Assignment
Every single entry that follows must be copied exactly.

○ ○ ○ ○ ○ ○ ○

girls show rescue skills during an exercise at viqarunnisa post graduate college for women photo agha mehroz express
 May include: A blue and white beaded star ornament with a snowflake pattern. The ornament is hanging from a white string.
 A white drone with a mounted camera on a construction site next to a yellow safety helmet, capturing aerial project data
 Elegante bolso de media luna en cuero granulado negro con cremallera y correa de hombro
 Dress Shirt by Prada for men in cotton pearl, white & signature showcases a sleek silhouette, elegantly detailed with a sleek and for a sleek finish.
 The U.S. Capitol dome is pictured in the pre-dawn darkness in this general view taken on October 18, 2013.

○ ○ ○ ○ ○ ○ ○

Solved problem
girls show rescue skills during an exercise at viqarunnisa post graduate college for women photo agha mehroz express
 May include: A blue and white beaded star ornament with a snowflake pattern. The ornament is hanging from a white string.
 A white drone with a mounted camera on a construction site next to a yellow safety helmet, capturing aerial project data
 Elegante bolso de media luna en cuero granulado negro con cremallera y correa de hombro
 Dress Shirt by Prada for men in cotton pearl, white & signature showcases a sleek silhouette, elegantly detailed with a sleek and for a sleek finish.
 The U.S. Capitol dome is pictured in the pre-dawn darkness in this general view taken on October 18, 2013.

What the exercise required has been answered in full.